There is a time of day, after their naps, when my brain slumps against my skull. One hour and twelve minutes before I will pick up the phone and say ‘Where are you?’ In my ear the hideous sea creatures wail, ignored on the rug. No matter what cleaning may have taken place earlier, I am surrounded by garish debris and tiny pieces of unidentifiable carbohydrate. On the days where my fingers tingle and judder with exhaustion I lie down in surrender. The biggest one tells me I need to ‘have the black hair’ so I can ‘see the animals properly’. Chewed plastic tines scrape my scalp in a way that would be invigorating if done at something less than breakneck speed. I look ‘beautiful’ now, apparently. I wouldn’t personally have chosen fringe brushed straight up as a go-to style, but what do I know. I stare at your as-yet undeparted train on my phone. One hour and two minutes. Yes, I would like a cup of tea. Twelve pompom sugars. Might take the edge off the robot ABC song. Maybe I could hack the offending light-up laptop to say ‘Please be gentle’ at four-second intervals. I try to nuzzle the smallest wispy head but I can’t smell him now. His sharp gums rake my nipples with dissatisfaction. Small fat fingers grasp at me, needing endlessly.

Nobody told me that every afternoon would be stupefied, a long-awaited key in the lock breaking, finally, the wall of shrillness. I won’t tell anyone either, because it’s not really a kindness, speaking the unspeakable. You can’t capture both the menial and the momentous in a single sentence. I refuse to be the cartoon mother with coffee mug and ringed eyes, comedically miserable. My laugh rings true as we stuff her feet into too-tight unicorn slippers. Later, I will put my face into the blissful soft crook of his neck and breathe deeply.

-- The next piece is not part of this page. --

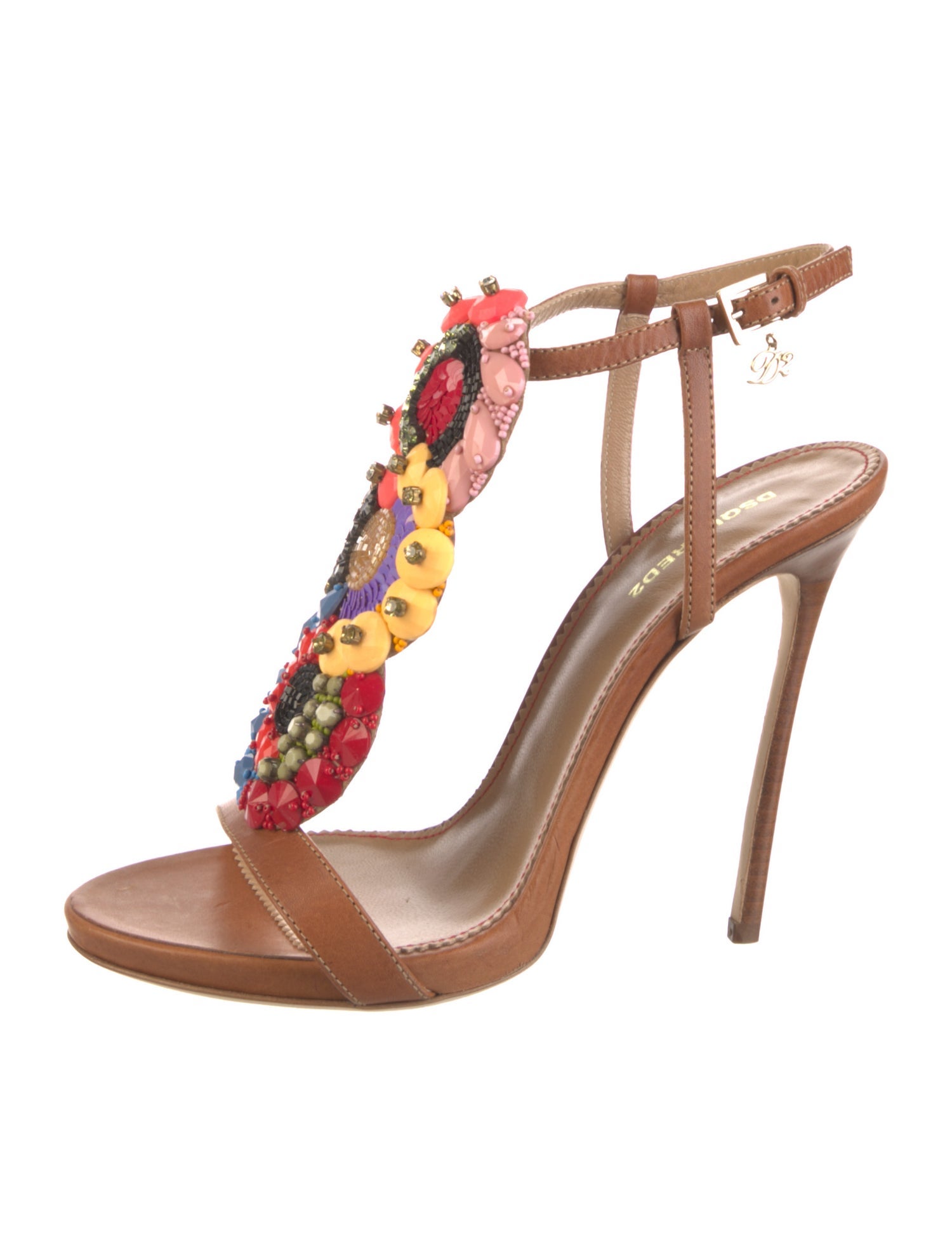 Dsquared² Leather Crystal Embellishments T-Strap Sandals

I spin with happiness when they are asleep. It’s just that I want to cut every single split end on my head with a pair of travel scissors uninterrupted. I wait for your feet along the hallway and my body aches to slip upstairs, unseen, leaving you to the shrieks and tears. Until then I stuff pork product covered in mayonnaise into my mouth just to have some kind of pleasant bodily sensation. I know these brief days of domestic intimacy are falling through my fingers but am unable to do anything to seize them. They continue to stream away. Time moves differently now, stretching endlessly over this rainy afternoon, yet springing whiplash fast across the years since each was born. If I could, I would pause here, look around a while. ‘No, there aren’t any more ice creams.’ ‘Yes, you can watch Dupliss Dragon.’ Forty-three minutes.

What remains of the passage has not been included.